Luzon is the largest island in the Philippines and lies at the north of the group of islands. These pine forests are found at elevations over 1000 m in the Cordillera Central mountains in the north of the island, where they are mixed in with areas of Luzon montane rain forests especially at the northern end of the range. The Cordillera Central includes Luzon's highest peak Mount Pulag along with other high peaks such as Mount Puguis, Mount Polis and Mount Data. Pine forests are also found in the Zambales Mountains of west-central Luzon, particularly in Mount Tapulao and Mount Redondo near Subic, Zambales.

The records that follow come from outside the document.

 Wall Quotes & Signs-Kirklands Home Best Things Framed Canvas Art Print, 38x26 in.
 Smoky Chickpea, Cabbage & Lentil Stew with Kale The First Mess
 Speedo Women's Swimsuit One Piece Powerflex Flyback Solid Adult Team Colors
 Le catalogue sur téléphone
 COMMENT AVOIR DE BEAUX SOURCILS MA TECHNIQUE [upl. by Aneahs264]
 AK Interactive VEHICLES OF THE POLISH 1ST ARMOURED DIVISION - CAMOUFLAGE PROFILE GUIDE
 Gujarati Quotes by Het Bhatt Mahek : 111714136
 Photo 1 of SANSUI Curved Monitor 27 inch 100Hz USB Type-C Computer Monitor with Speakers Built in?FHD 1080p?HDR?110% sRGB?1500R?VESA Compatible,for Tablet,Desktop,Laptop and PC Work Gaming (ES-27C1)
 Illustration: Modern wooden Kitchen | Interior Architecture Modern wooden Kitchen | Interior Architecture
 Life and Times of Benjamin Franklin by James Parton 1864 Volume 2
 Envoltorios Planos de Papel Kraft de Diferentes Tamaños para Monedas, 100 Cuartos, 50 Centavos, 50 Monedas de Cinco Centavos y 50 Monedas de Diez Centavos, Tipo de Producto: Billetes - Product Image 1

Rainfall is high (over 2500 mm per year) but concentrated in the July/August monsoon with a long dry season from November to April.

==Flora==
Luzon has long been isolated from other land masses so a unique flora has developed. In this ecoregion Benguet pine (Pinus insularis) trees are thinly spread over the grasslands that cover the slopes. Regular fires in the dry season maintain the balance of pines and grassland and prevent other deciduous trees and shrubs from taking hold.

==Fauna==
There are a number of mammals endemic to the Cordillera Central, mainly species of mice and rats including large squirrel-like cloud rats. Three larger mammals of the forest are the Philippine long-tailed macaque (Macaca fascicularis), Philippine warty pig (Sus philippensis), and Malayan civet (Viverra tangalunga) all of which are vulnerable to forest clearance while the pig and the macaque are prey for hunters. Birds of the pine forest include the pine-nut eating common crossbill, which is found in pine forests all over the world.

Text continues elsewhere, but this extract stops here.